A4: Achava ela bonita, achô que ela era legal... Mas... sai daí!

A5: Não entendi uma coisa. O que que tem a vê... Porque a história chama o “Príncipe Desencantado”?

P: Por que, gente, desencantado?

A6: Porque tava encantado quando ele ia dá o beijo nela e quando ela acordô, ele viu que ela... ela era...

A7: Muito chata... metida... mimada.

Um aluno coloca que não havia entendido o final. A professora não responde; elabora uma pergunta para o grupo a partir desta colocação. Outro aluno diz, também, que não havia entendido o porquê da história se chamar “O Príncipe Desencantado”. A professora devolve a pergunta para o grupo: “Por que, gente, desencantado?”. Ou seja, ela continua trabalhando, basicamente, com um tipo de assistência aos alunos: pergunta/resposta (andaime vertical).

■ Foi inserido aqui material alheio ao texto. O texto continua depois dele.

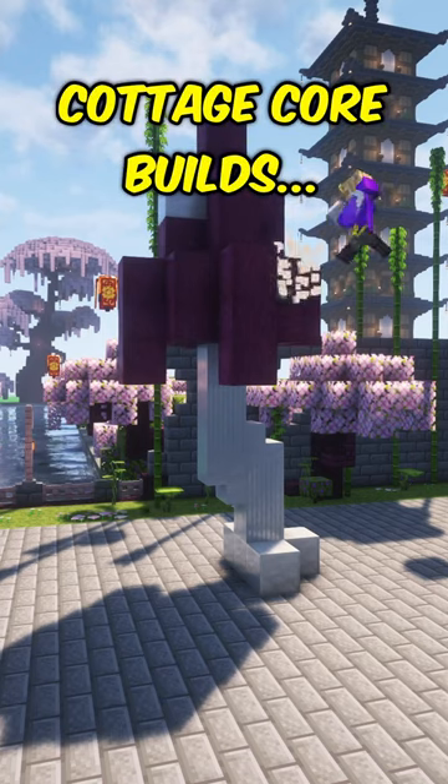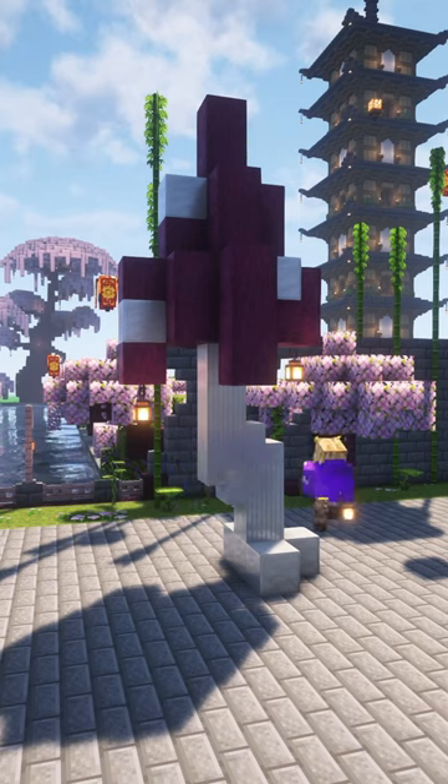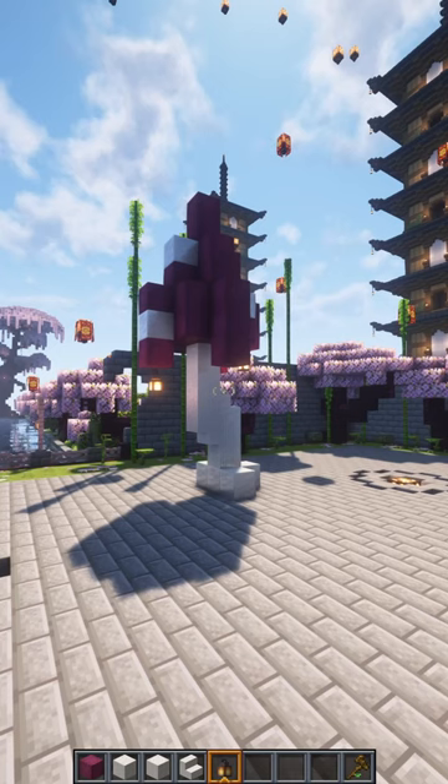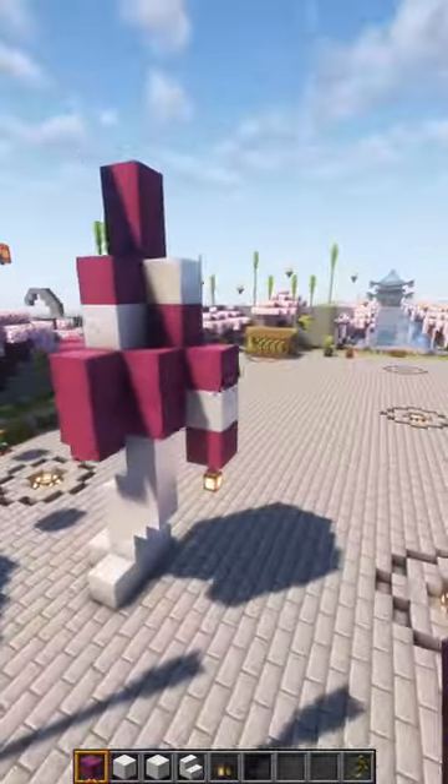We'll add some spots onto it like this. Now for the finishing touches, we're going to add some lanterns to light the place up. Okay, this is — I think this is my favorite mushroom I've ever built. I think the crimson stuff is doing a big part in this, like look how cool that looks.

Nesse terceiro momento, encontramos a professora conversando sobre o final da história. Pudemos observar um diálogo entre os participantes empíricos e, também, destes com o autor da mesma – ausente fisicamente, mas presente por meio de seu texto. A leitura como dialogia é vivenciada em todos os momentos da atividade.

Na sequência, a professora Ariane Zanelli propõe mais atividades, agora com a leitura da segunda história do mesmo livro, "O sapo que foi e voltou", continuando a fazer perguntas para o grupo, perguntas estas que disparam antecipações sobre o possível enredo da nova história, sua organização e sobre sentimentos de seus personagens.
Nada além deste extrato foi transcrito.